People Minding Other People’s Business

by on July 3, 2007 · 16 comments

This very fine Ars story on the emergence of contactless payments is a terrific opportunity to spot examples of people minding other people’s business.

Example 1, Federal Reserve minding consumers’ business: “The Federal Reserve sets rules for receipts, and last week the Feds said that purchases of $15 or less don’t even require a receipt now, let alone a signature.”

I’m sure the Federal Reserve cares, and I’m sure they’ve done a careful job, but I really think that the need for, and content of, receipts can be hashed out among buyers and sellers.

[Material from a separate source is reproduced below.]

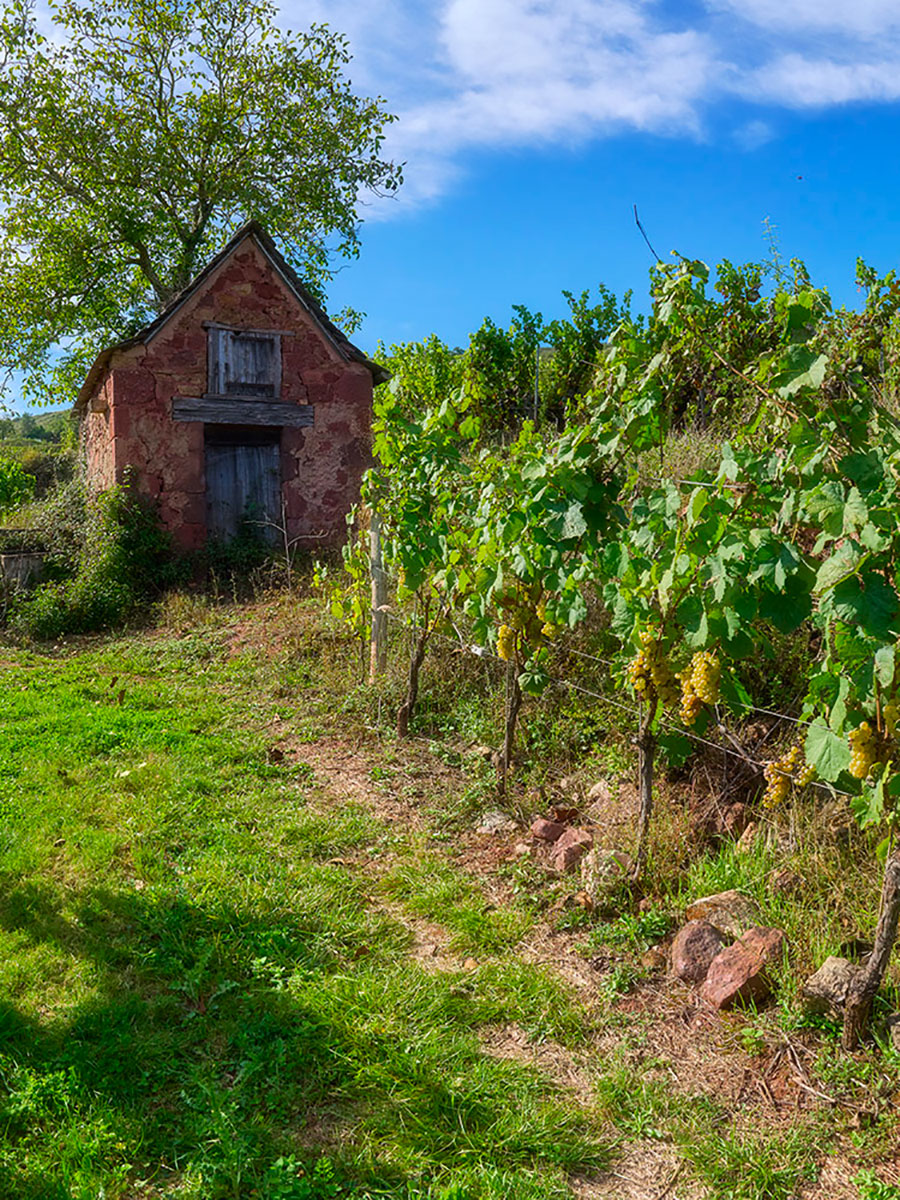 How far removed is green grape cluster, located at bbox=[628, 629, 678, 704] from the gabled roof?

I now wonder how many billions of receipts are handed out each year because of this “protection.” (If it’s one billion more than consumers actually want and need, think paper, ink, print mechanism, and a second or two of people’s time x 1,000,000,000 – costs all borne by consumers directly, or indirectly in the form of higher prices, without a commensurate benefit.)

Example 2, Security researchers minding credit card companies’ business: “Security researchers independent from credit card companies are sounding alarms, while the credit card companies themselves believe that they have the right balance of security and functionality.”

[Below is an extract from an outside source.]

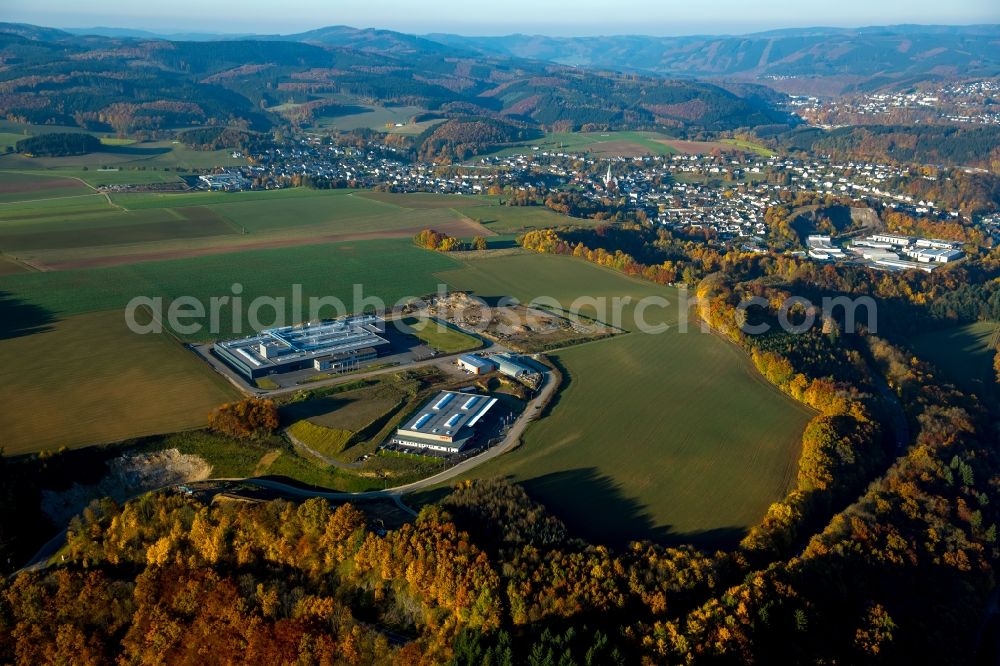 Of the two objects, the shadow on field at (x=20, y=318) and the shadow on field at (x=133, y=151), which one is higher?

The researchers care, and they want the best possible system, but they’re security researchers. Almost by definition, they are going to overweight security.

Payment systems are actually supposed to balance many competing interests, security being just one. Others include convenience, level of repudiability, privacy, and so on. So long as the credit card associations bear the risk of loss (and in these low-dollar transacations, they do), security is the credit card associations’ problem.

(Yes, the costs of insecurity are also passed to merchants and consumers. The solution that will keep these costs in check, yet in balance with other demands on the system, is competition among credit card associations and among payment systems for both kinds of customers. The job of each credit card association is then to constantly tweak the mix of interests its products serve. With each tweak, it aims to bring more customers on board than it loses.)

If the researchers convince the Fed to hold up experimentation with RF payments, that’s two busy-bodies getting together to run transactions for which consumers, merchants, and credit card associations are supposed to be responsible.

When lines of authority break down, results suffer. No one is better positioned to balance risks than self-interested parties.